È palese che questo trustee non sia obbligato a nulla – così che non è qualificabile come trustee – e che manca qualsiasi profilo di affidamento, essendo l’intenzione del disponente unicamente finalizzata a produrre una falsa impressione nei terzi (22). Tutte queste mancanze portano il giudice a una duplice conclusione. Da un lato ritiene il trust, sebbene incidenter tantum, “radicalmente nullo perché in quanto in contrasto con gli artt. 13 e 15 lettera e) della Convenzione de L’Aja non potendosi riconoscere legittimità né ingresso nell’ordinamento italiano a un trust direttamente se non dichiaratamente volto a ostacolare la protezione dei creditori del disponente in caso di sua insolvibilità”. Tale conclusione, forse anche con lo scopo di dare un monito, si riflette anche sul Notaio rogante. Dall’altro, senza troppa difficoltà, allineandosi a quella giurisprudenza che ha accolto le azioni revocatorie proposte nei casi nei quali era evidente la prova della diversa finalità perseguita dal disponente, accoglie la domanda giudiziale dell’Istituto di credito (23). Domanda che, come precedentemente rilevato, è stata correttamente proposta contro il negozio che incide negativamente sul patrimonio del disponente, realizzandone la diminuzione qualitativa e quantitativa richiesta affinchè possa configurarsi l’eventus damni (24). Ritiene il giudice “sin troppo evidente che la costituzione del trust e il conferimento nel trust dei beni immobili di proprietà del disponente-convenuto ha lo scopo di paralizzare qualsiasi iniziativa dei suoi creditori sul proprio patrimonio”. Infatti, ai fini dell’art. 2901 c.c. sussiste l’anteriorità del credito rispetto all’atto istitutivo del trust; sussiste la lesione della garanzia patrimoniale del creditore; sussiste la consapevolezza del disponente di ledere le ragioni del creditore essendo plurimi e concordanti gli elementi indizianti; non è necessaria la consapevolezza dell’acquirente (coincidente con lo stesso convenuto) trattandosi di un atto a titolo gratuito.
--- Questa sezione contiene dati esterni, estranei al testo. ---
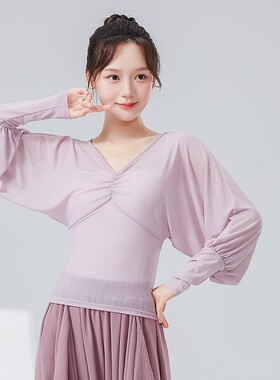 中国古典舞V领网纱练功服学生捏褶蝙蝠袖上衣收腰形体纱衣舞蹈服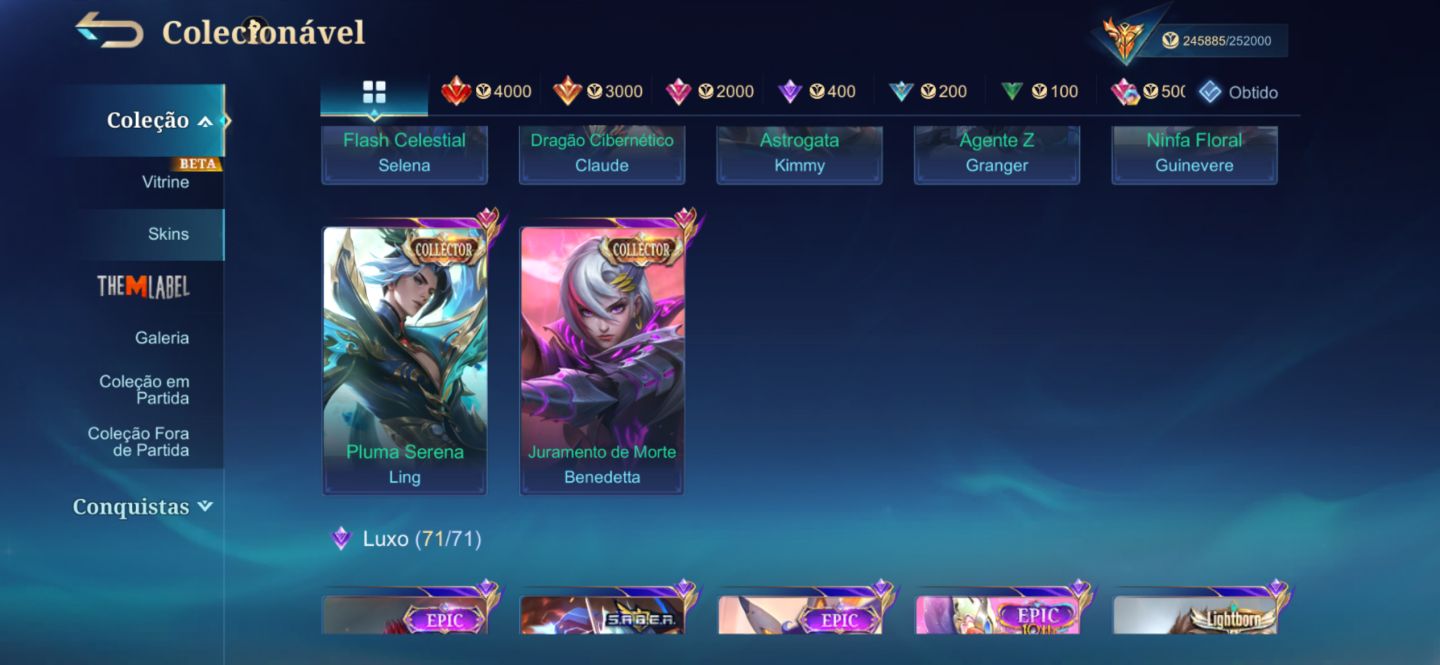 ML - MEGA 2 QUASE 1 - QUASE OUTRA LEGEND - MUITAS SKINS RARISSIMA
Ed ecco il crollo della progettazione.

Note:
(19) Per la definizione di trust “autodichiarato” si veda M. Lupoi, Istituzioni, [supra nota 3], pag. 4 ss. (20) L’insegnamento tradizionale afferma che l’atto istitutivo deve inequivocabilmente stabilire l’esistenza di tre elementi, le così dette “tre certezze”, e cioè: - la volontà del disponente di istituire un trust; - il fondo in trust; - che vi sia un beneficiario. In tal senso si veda M. Lu-poi, Istituzioni, [supra nota 3], pag. 42. (21) Per la figura del guardiano si veda M. Lupoi, Istituzioni, [supra nota 3], pag. 141 ss. (22) Il giudice sfiora, senza affrontarla approfonditamente, la problematica del trust sham in merito alla quale si rinvia a M. Lupoi, Istituzioni, [supra nota 3], pag. 80 ss. nonché M. Lupoi, La Cassazione e il trust sham, in questa Rivista, 2011, pag. 469; R. Belvederi, Alcune considerazioni in materia di sham trust, in questa Rivista, 2013, pag. 143. In giurisprudenza si veda Rahman v Chase Bank Trust Company (CI) Ltd. [1991] JLR 103 Jersey e in questa Rivista, 2004, pag. 296; Official Assignee in Bankruptcy in the property of Reynolds v Wilson [2008] NZCA 122, para. 71, in questa Rivista, 2009, pag. 184. (23) Si veda: Trib. Bologna, 9 gennaio 2014, in questa Rivista, 2014, pag. 293; Trib. Modena, 14 marzo 2012, in questa Rivista, 2013, pag. 51; Trib. Firenze, 9 novembre 2010, in questa Rivista, 2013, pag. 524; Trib. Torino, sez. Moncalieri, 15 giugno 2009, in questa Rivista, 2010, pag. 83; Trib. Cassino, 8 gennaio 2009, in questa Rivista, 2009, pag. 419; Trib. Cassino, 1° aprile 2009, in questa Rivista, 2010, pag. 183. Per una panoramica sul punto si veda M. Bucchi, Revocatoria ordinaria: agevole rimedio contro il trust gratuito in pregiudizio dei creditori del disponente, in questa Rivista, 2013, pag. 272. (24) In tal senso si veda M. Lupoi, in Trusts, Milano, II ed. 2001, pag. 592. In giurisprudenza si veda Trib. Monza, 3 gennaio 2013, in questa Rivista, 2013, pag. 647.